The largest greenspace in the town is The Walks, which plays host to the weekly parkrun. The park was originally conceived as an escape from the hustle and bustle of the town centre; a purpose which remains true to this date.

View of The Walks

The course

The route follows three laps of the park, following a lollipop pattern. The course is run entirely on tarmac paths, and doesn't include any significant elevation.

Free on-street parking is available to the south and east of the park, while several multi-story car parks are also located nearby. As King's Lynn is a historic town, it wasn't designed for significant amounts of traffic, and so parking can come at a premium! Toilets are located in the cafe within the park, which also serves post-run refreshments.

The run

It was pleasing to see the parkrun weather fairies were back in action today! There had been rain showers overnight, and more on the way to parkrun today, but shortly before I arrived, the rain stopped, and the sun came out!

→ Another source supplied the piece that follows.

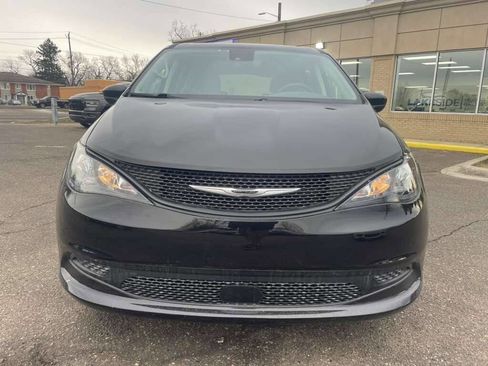 Used 2023 Chrysler Voyager LX image 2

As today's route is run entirely on tarmac, I wasn't too worried about the rain, and instead just enjoyed the scenery as I looped around the park alongside the many other runners. I had forgotten that quicker runners often lap even the 25-minute runners on 3-lap courses, so was suprised to be passed at the start of lap 3, and decided I wasn't going to try to up the pace!

Thank you to all of the volunteers for hosting a great event!

After the run

At the centre of The Walks lies Red Mount Chapel - a chapel constructed in the 15th century to house a religious relic, and provide accomodation for pilgrims traveling to the Shrine of Our Lady of Walsingham to the east, which at the time was the second most popular pilgrim destination after Canterbury.

Red Mount Chapel

Within the confines of the Walks, and slightly south of the Chapel, lies Guannock Gate. Built in the late 13th Century as part of the town's defences, the main brickworks remain in situe. While the gate is constructed from brick, it is thought the wider walls were likely constructed of wood or earthworks. The gate is also an active part of The Walks park, with one of the main paths passing through it (and indeed, the parkrun route passes through it on each lap)!

Guannock Gate

Venturing slightly south of The Walks, you can soon find the South Gate. Similar to Guannock Gate, the South Gate was built in 1437 as part of the town's defences, the structure served as the main entrance into the town for many years. The gate is open for explorations on certain dates between May and September each year, though that unfortunately meant it wasn't open during my visit.

South Gate

Heading back into the town centre, Greyfrairs Tower sits amongst the ruins of the former friary. The Friary was constructed between the 12th and 15th centuries before falling into disrepair as the friars moved their focus elsewhere.

Greyfrairs Tower

Memories of the town's role as a historic sea port are scattered throughout the town, including a statue of Captain George Vancouver, who chartered the Pacific coastline of what is now Vancouver, Canada.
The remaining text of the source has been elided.